Do you not get confused this is the perfect replacement for the Epiphone Les Paul the post are the perfect size do you not look at the other one like the Nashville version

5.0

The best TOM bridge I've tried

By

Verified Buyer


I've been upgrading a cheap pawn shop semi acoustic guitar. It had a tuning problem which is probably why it ended up in the pawn shop. I tried a couple of new bridges, they all wobbled back and forth in the bushings which seemed to contribute most of the tuning problem. This bridge, by locking to the posts with grub screws holds them a lot more stable and the tuning problem went away. Also the bridge can be moved and locked a few mm back and forth. So that gives a wider possible intonation range than a normal TOM bridge. The thread is metric, which matters if you're not changing the bushings.

5.0

Huge improvement over the standard TOM

By

Verified Buyer


I had bought a few other items for setting up guitars and filing down bridge saddles.
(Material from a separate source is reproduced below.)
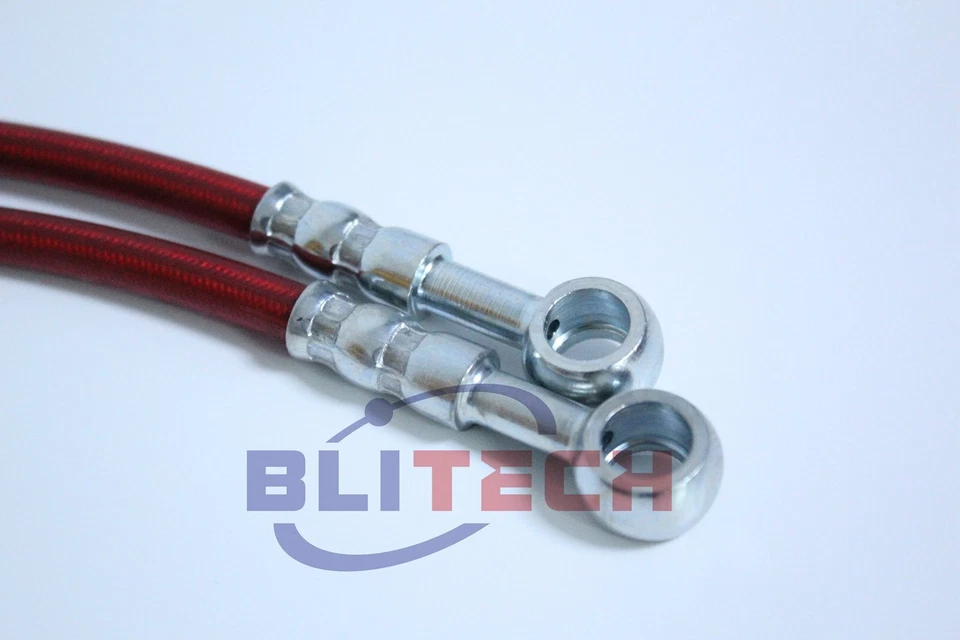 Red Blitech Stainless Steel Braided Brake Lines For 1989-1994 Nissan 240SX S13  - Imagem 4 de 4
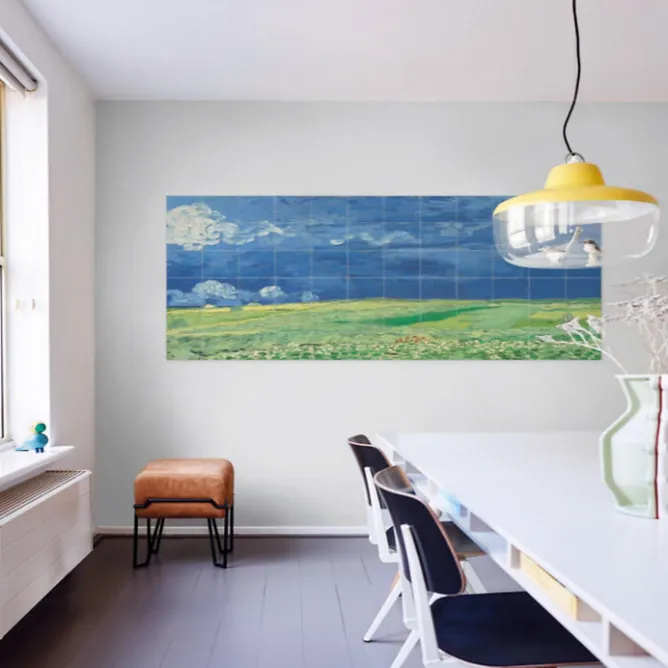 Art De La Maison<Boutiques de musées Décoration murale Vincent van Gogh - Champ de blé sous un ciel orageux - 160x80 cm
I stumbled onto the bridge section, as I have been here before, and looked for a bridge with a 14inch radius. I knew ahead of time that I may have to grind down the post if they are too large to fit my Carvin DC400. For the cost, why not give one a try so I added it to my order. It came today and I was correct in my assumptions that I would have to grind down the thumbwheel part of the posts as their original size would not fit into the bridge pocket that Carvin does with their TOM equipped guitars. Post size and spacing was correct so no issue there. I was able to grind down the posts, note that it is made of steel, and fit into my Carvin guitar in to the factory installed studs. The bridge fit well and mounted without any issues. First time I had plenty of room for adjustments, some of the saddles had to be reversed, but that is what makes this bridge ideal (did not have enough room on the TOM for setting the intonation. Since the base of the bridge is flat and is not that much taller than the standard TOM, I was able to install it with 0.01” clearance between the body of the guitar and bottom of the bridge. The bridge is 0.068” wider than the bridge pocket but I had great string action with it bottomed out. Actually had to raise it a bit. I am very impressed with the change in tone and sustain the walnut bodied guitar now has with this bridge installed. The detailed drawings provide enough information to make a good decision. I rated this 5 stars as the end result was quite rewarding. This bridge is solid, no unexpected buzzing or ringing from loose saddles (TOM). Intonation setup is not that bad. I like this bridge enough to buy another for one of my other Carvins.

4.0

As expected

By

Verified Buyer


Well built bridge. Easily adjustable. Stable, locks in place. Would buy again.
14 radius, my guitar is a12 so I added a few shims under the G & D strings.